> [Brief] When you reach the line containing "a bedroom with a bed and a window", begin reproducing the material exactly, stop after the line containing "hallway featuring baseboards, carpet", and leave out any pictures along the way.

> [The input]
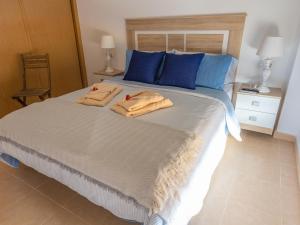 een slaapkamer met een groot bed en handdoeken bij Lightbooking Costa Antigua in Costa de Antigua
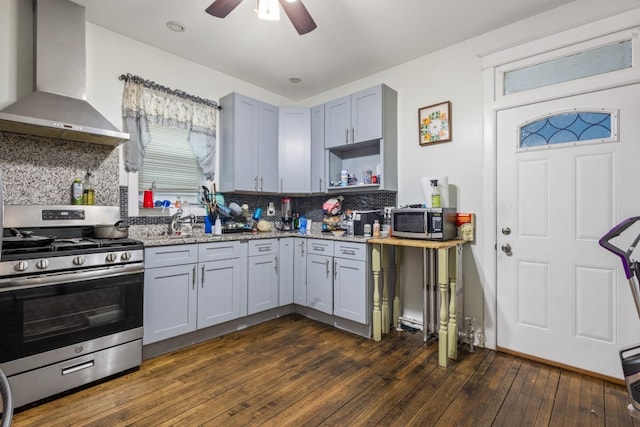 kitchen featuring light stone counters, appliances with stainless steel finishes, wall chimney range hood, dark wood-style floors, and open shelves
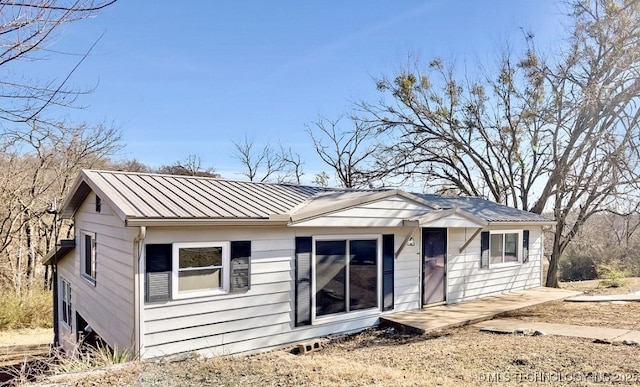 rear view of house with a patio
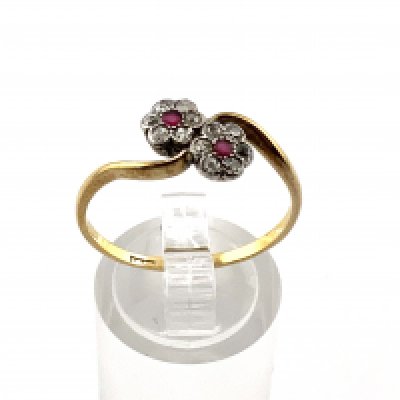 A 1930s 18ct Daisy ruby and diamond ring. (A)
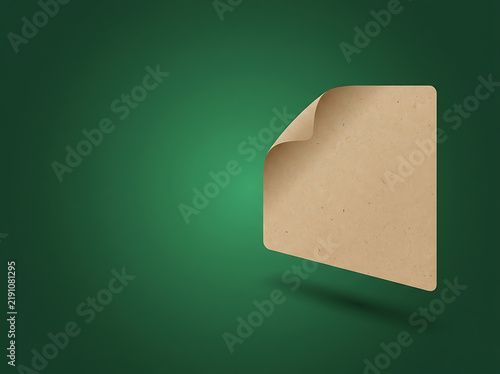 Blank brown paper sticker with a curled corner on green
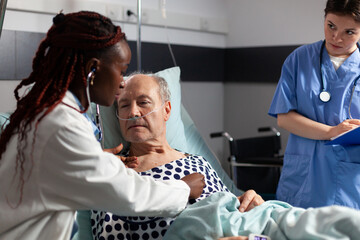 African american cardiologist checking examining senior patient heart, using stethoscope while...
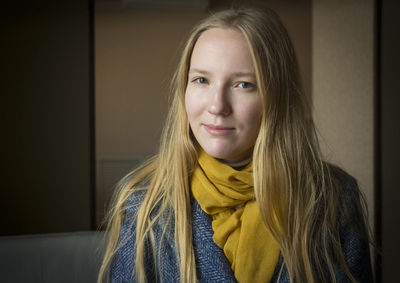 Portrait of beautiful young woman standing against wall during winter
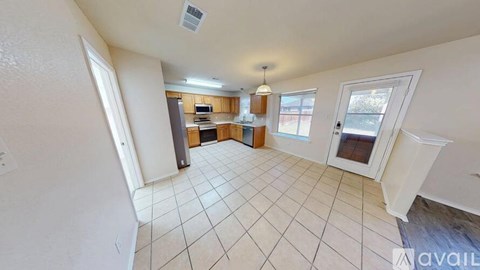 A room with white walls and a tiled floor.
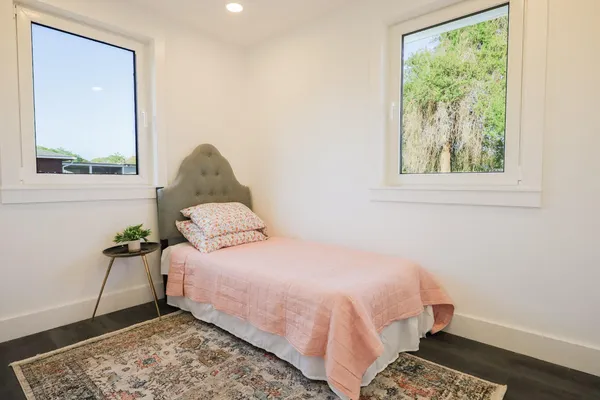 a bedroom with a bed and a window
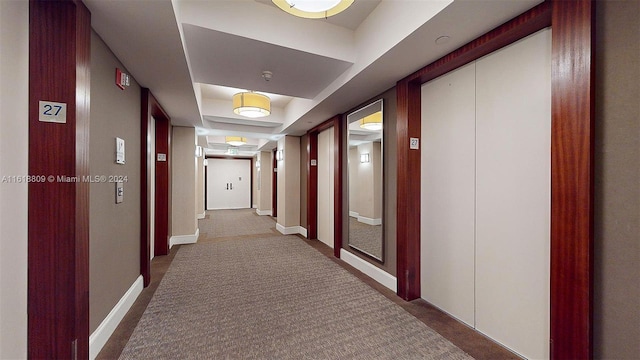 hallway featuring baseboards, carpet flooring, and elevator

* * *

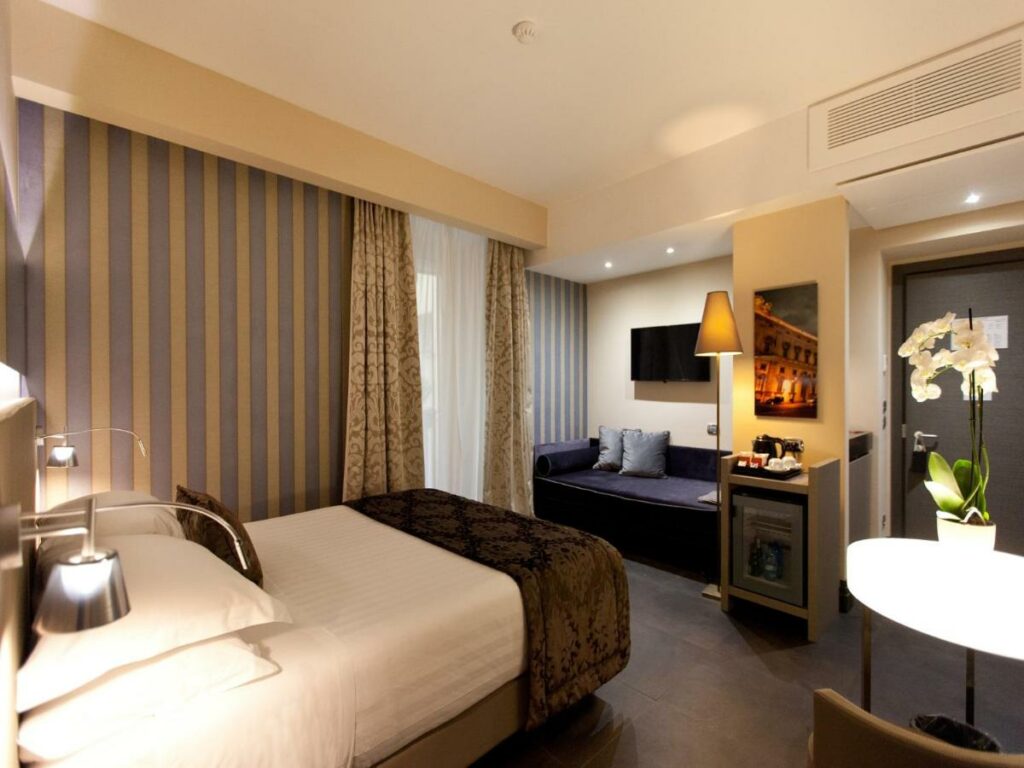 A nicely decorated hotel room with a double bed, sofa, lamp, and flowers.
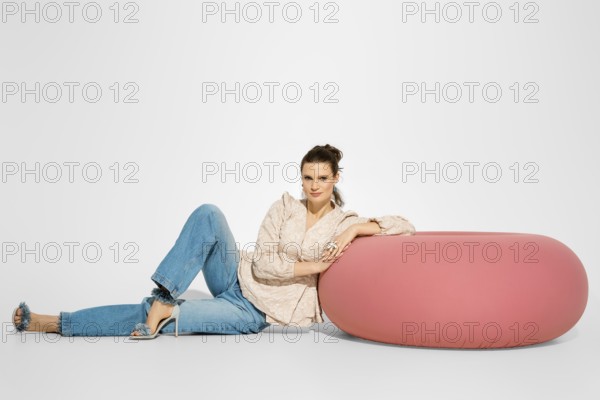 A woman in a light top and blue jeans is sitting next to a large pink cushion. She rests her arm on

--

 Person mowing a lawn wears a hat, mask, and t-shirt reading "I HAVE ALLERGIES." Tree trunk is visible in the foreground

> [Expected output]
 a bedroom with a bed and a window
 hallway featuring baseboards, carpet flooring, and elevator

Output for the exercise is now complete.